Science/Tech

Have Scientist Discovered Hints of Dark Matter?

By Jennifer Broderick | Update Date: Apr 03, 2013 09:26 PM EDT

An experiment at the International Space Station announced found evidence of "new physical phenomena" that could represent dark matter, the mysterious stuff that serves as the gravitational foundation for galaxies, an international team of researchers announced in Switzerland on Wednesday.

The experiment is sponsored by the U.S. Department of Energy. It is led by Nobel laureate Samuel Ting of the Massachusetts Institute of Technology and involves hundreds of scientists from all over the world. The latest data will be published in the journal Physical Review Letters.

Ting announced the findings in Geneva at the European Organization for Nuclear Research, the particle physics laboratory known as CERN.

The evidence was found by a $2 billion instrument aboard the international space station called the Alpha Magnetic Spectrometer (AMS). Although it has not seen dark matter directly as it is invisible, yet its presence is felt by the immense gravitational tug it exerts on stars, galaxies and other cosmic bodies. Dark matter is thought to make up about a quarter of all the matter in the universe.

It has been a long mystery what Dark Matter consists of. One of the leading candidates is a WIMP, or weakly interacting massive particle.

WIMPs are elusive. They rarely interact with normal matter such as atoms; indeed, billions of WIMPs may be darting right through the Earth every second without hitting anything.

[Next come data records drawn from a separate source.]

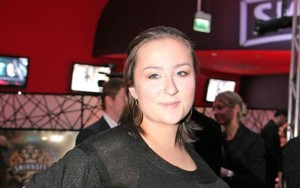 Kto tak świeci brzuszkiem? (FOTO)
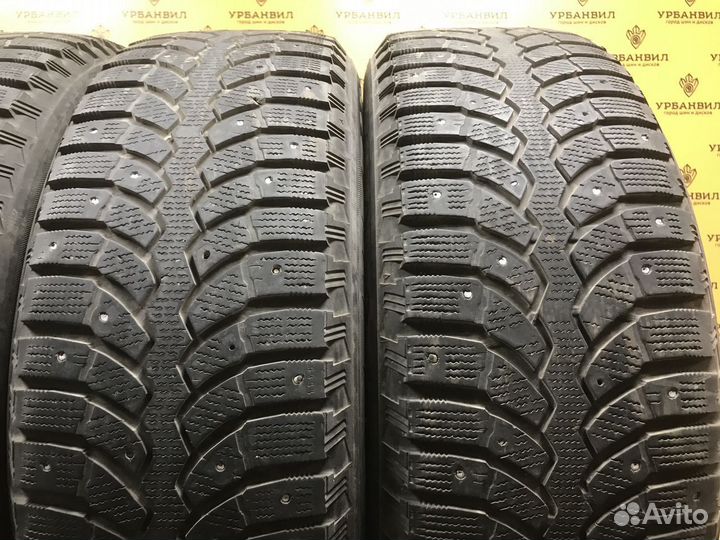Bridgestone Blizzak Spike-01 225/65 R17 106T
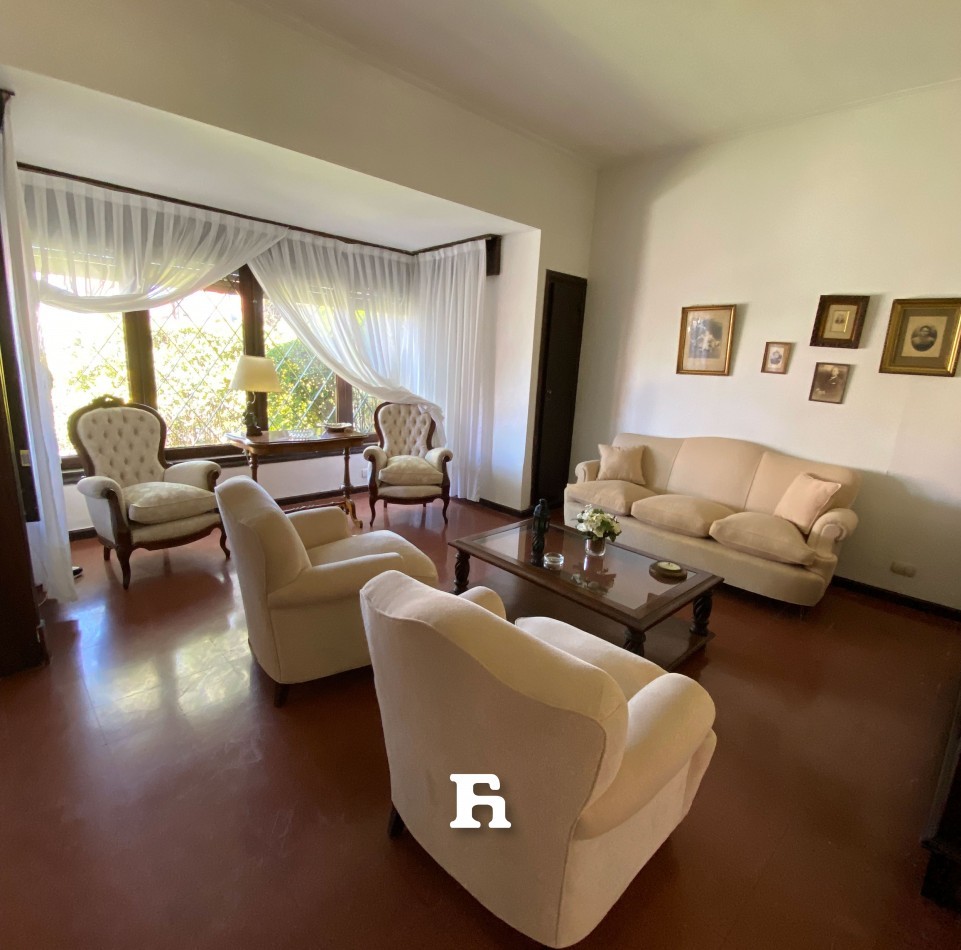Chalet 5 Amb Parque y Quincho - Impecable Estado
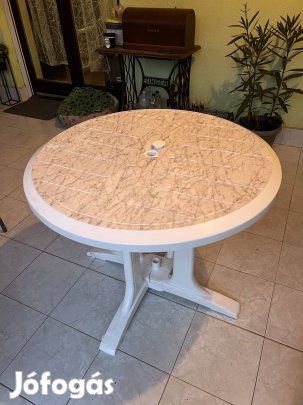 Kerti, asztal, műanyag 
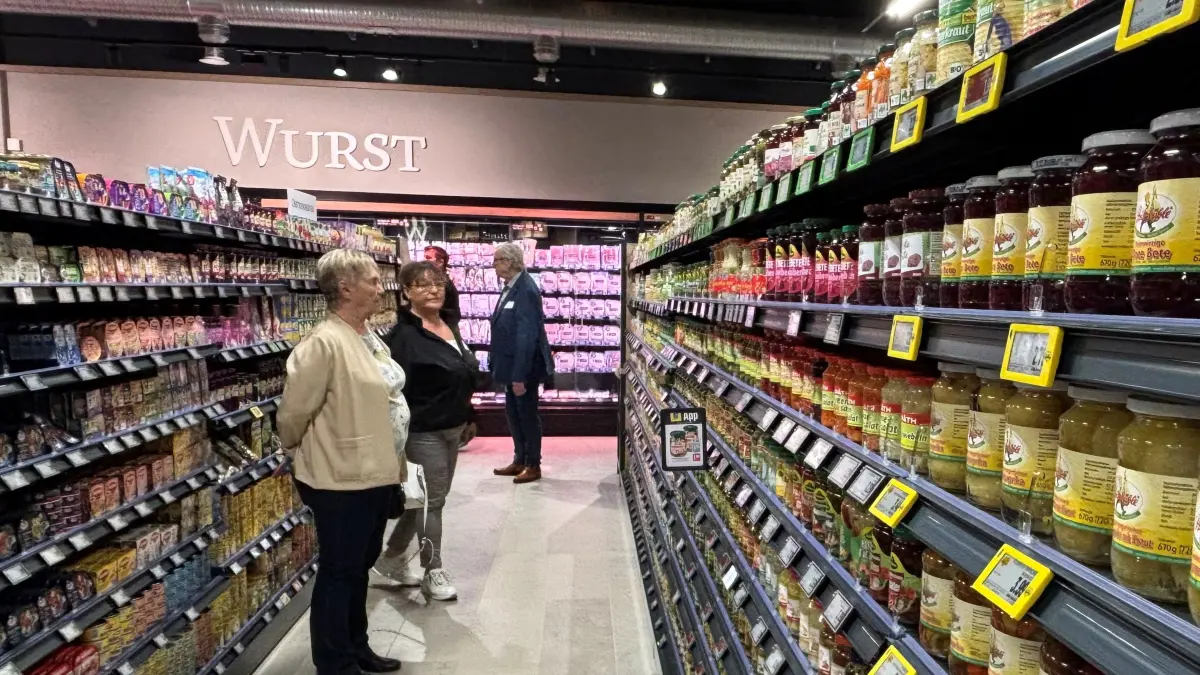 Schier unendlich ist die Auswahl im Hechinger Gourmettempel an der Haigerlocher Straße. Da staunte auch das Eröffnungspublikum.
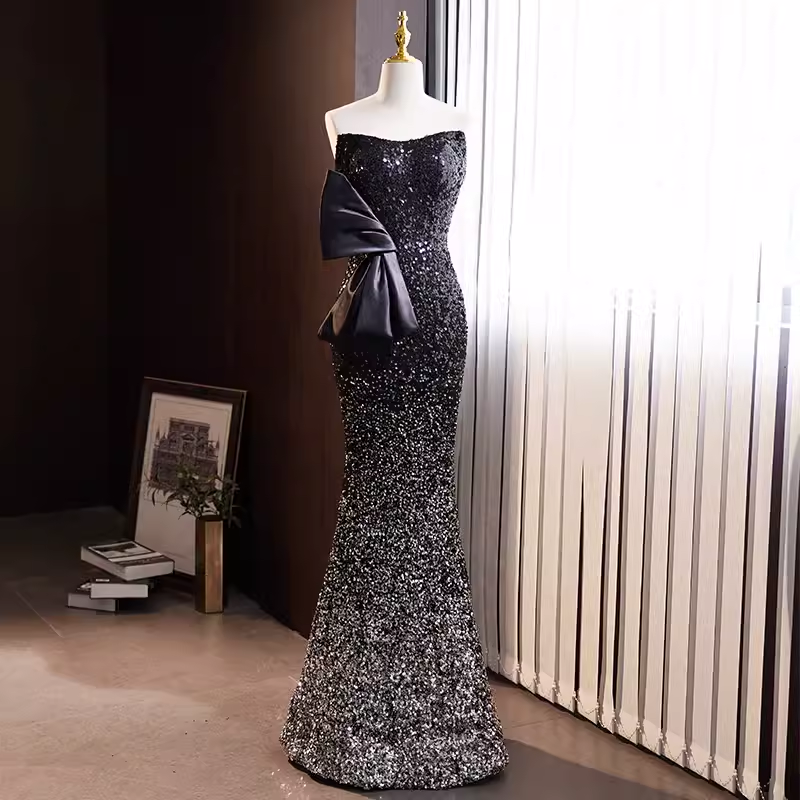 Luxury Mermaid Strapless Long Sequin Black Prom Dress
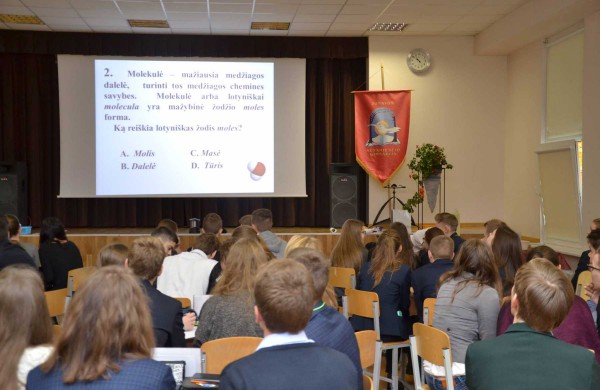 Senamiesčio gimnazija vienai dienai virto chemijos laboratorija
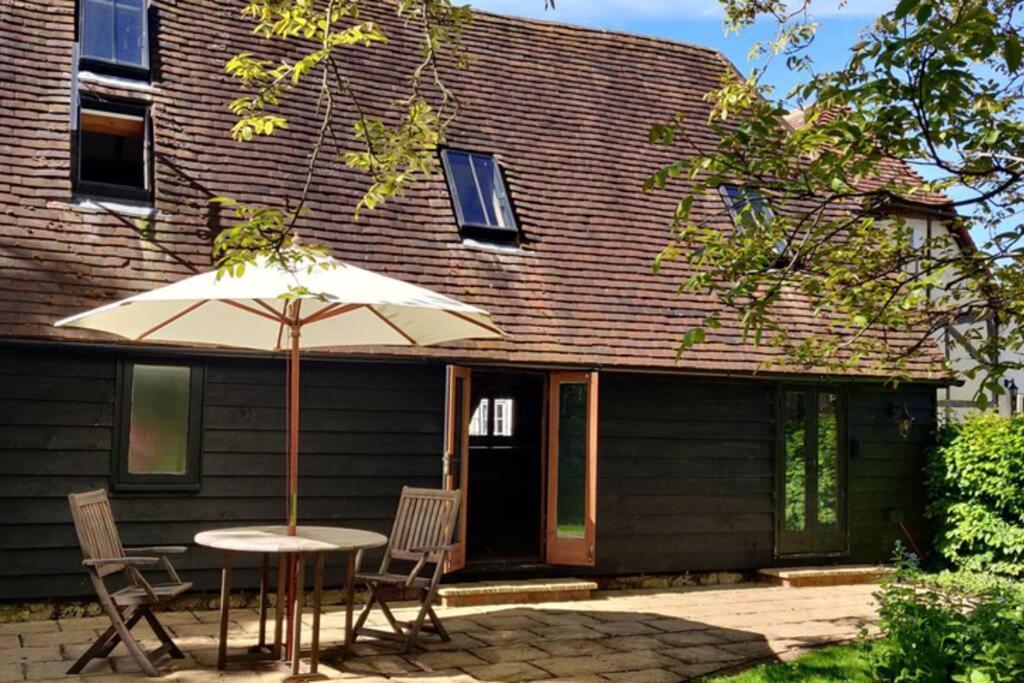 Cosy Listed Barn In Peaceful Country Village Granborough 외부 사진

\"This is the decade of the WIMP," said Michael Turner, a cosmologist at the University of Chicago, according to the Wall Street Journal. "All of these experiments are zeroing in on the outrageous idea that most of the matter in the universe is" made up of WIMPs, a new form of matter.

The AMS will be measuring cosmic rays, where the footprints are found, until 2020 or so. Other scientists commended the findings and look forward to more.

"This is an 80-year-old detective story and we are getting close to the end," said University of Chicago physicist Michael Turner, one of the giants in the field of dark matter, according to the Associated Press. "This is a tantalizing clue and further results from AMS could finish the story."